## Supplied material
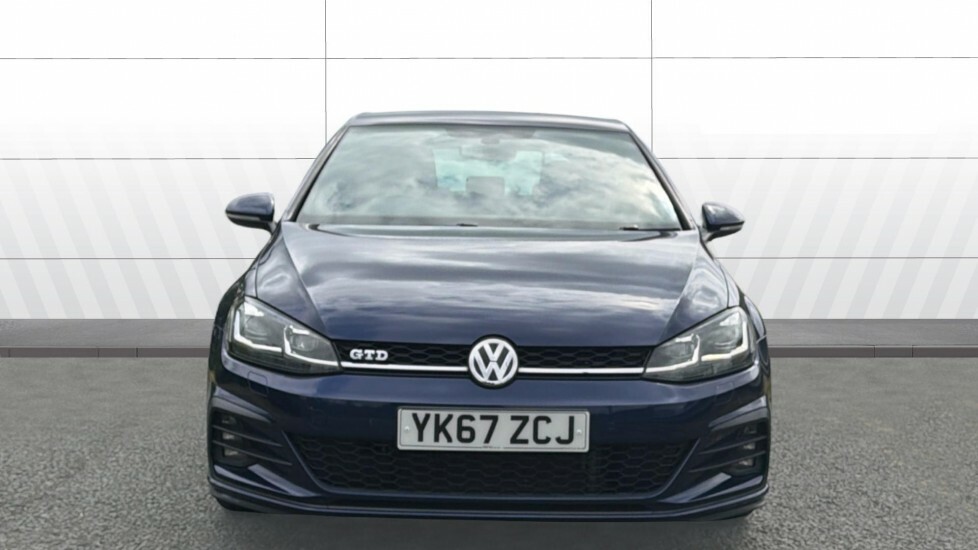 Volkswagen Golf 1.4 Tsi Se Nav Hatchback Dsg Euro 6 S Grey #3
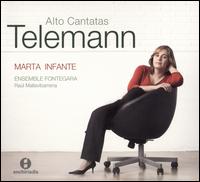 Georg Philipp Telemann: Alto Cantatas von Marta Infante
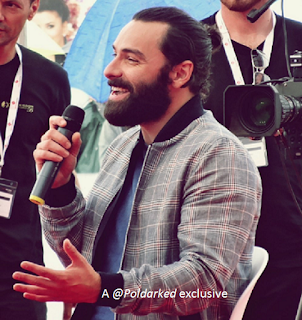 Aidan Turner, Poldark, Festival de Television de Monte-Carlo, exclusive Aidan Turner, Poldark, Festival de Television de Monte-Carlo, exclusive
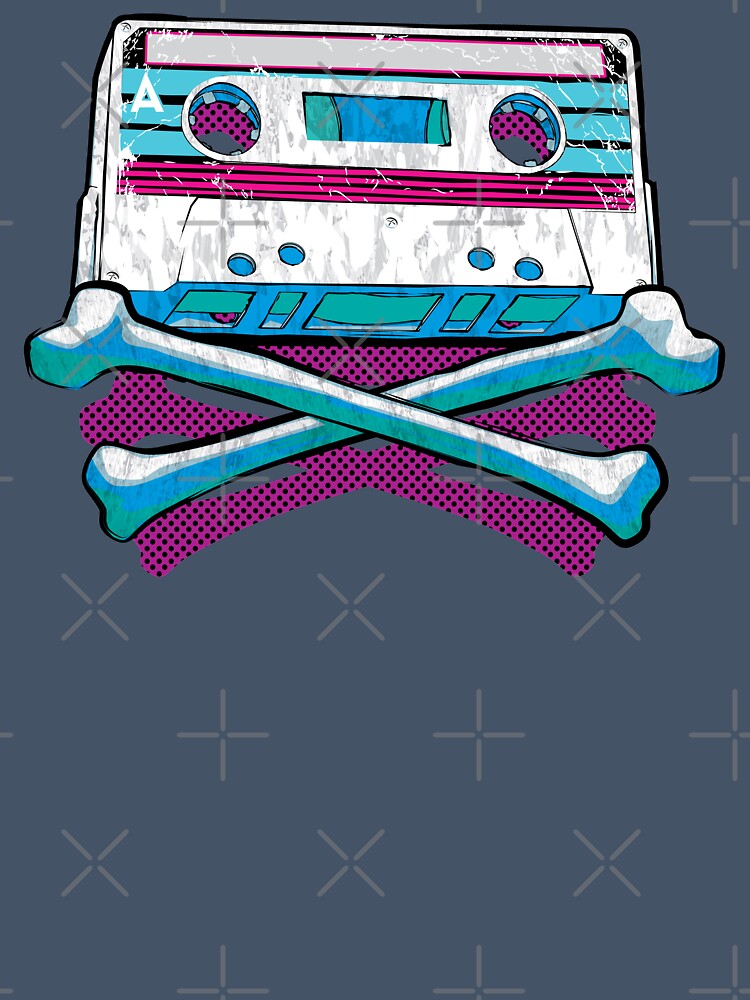 Cassette (80's) by MunkeeWear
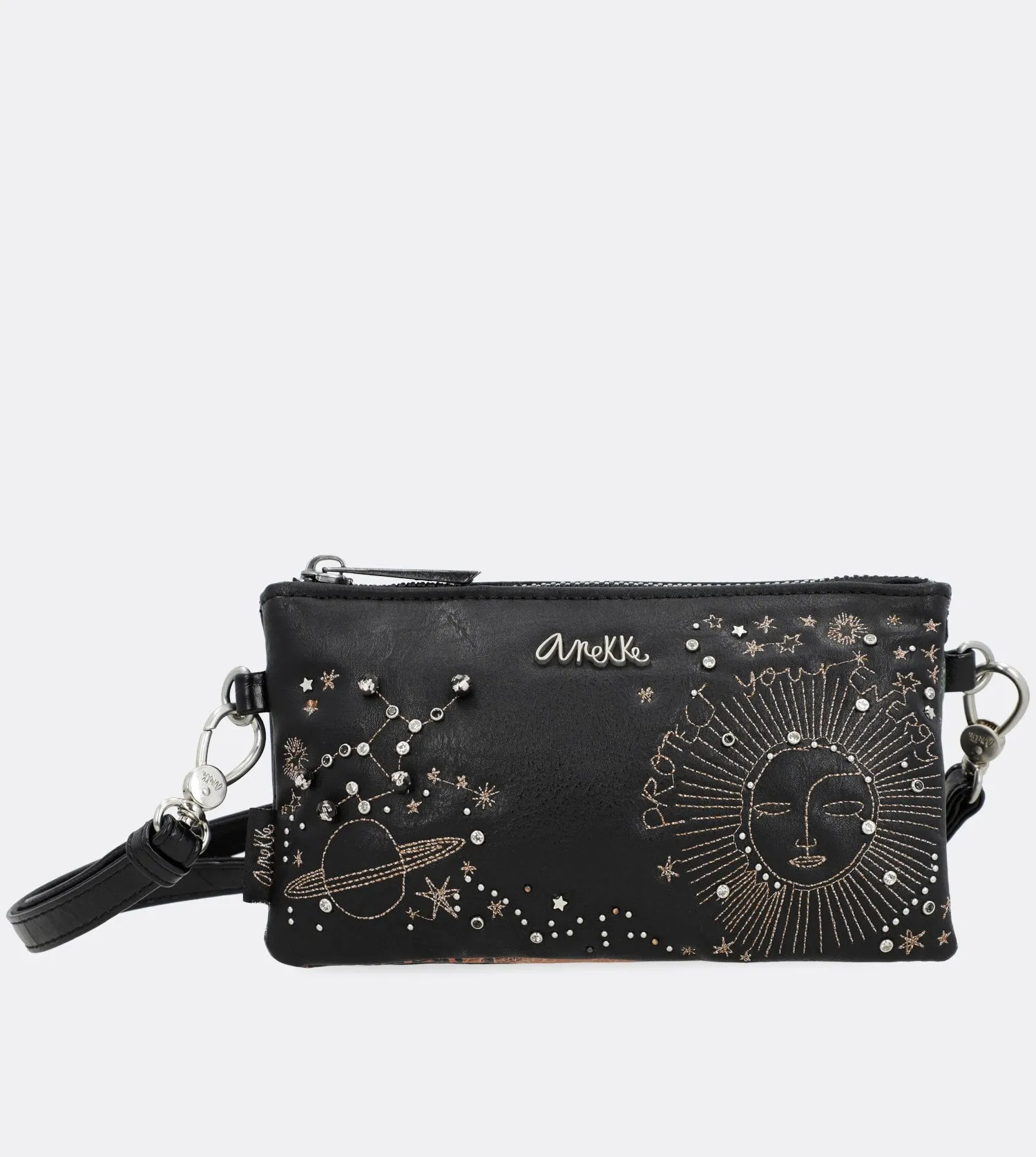 Elegant spirit mini shoulder bag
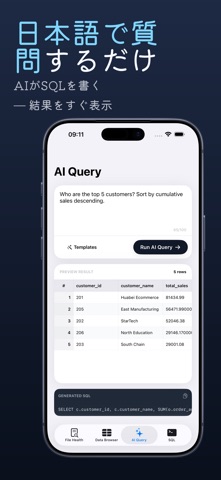 Access DBビューア: MDB確認 のスクリーンショット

## What needs to be done
Only text belongs in the copy: repeat each line of the data exactly and leave out the pictures.

## Reply
 Volkswagen Golf 1.4 Tsi Se Nav Hatchback Dsg Euro 6 S Grey #3
 Georg Philipp Telemann: Alto Cantatas von Marta Infante
 Aidan Turner, Poldark, Festival de Television de Monte-Carlo, exclusive Aidan Turner, Poldark, Festival de Television de Monte-Carlo, exclusive
 Cassette (80's) by MunkeeWear
 Elegant spirit mini shoulder bag
 Access DBビューア: MDB確認 のスクリーンショット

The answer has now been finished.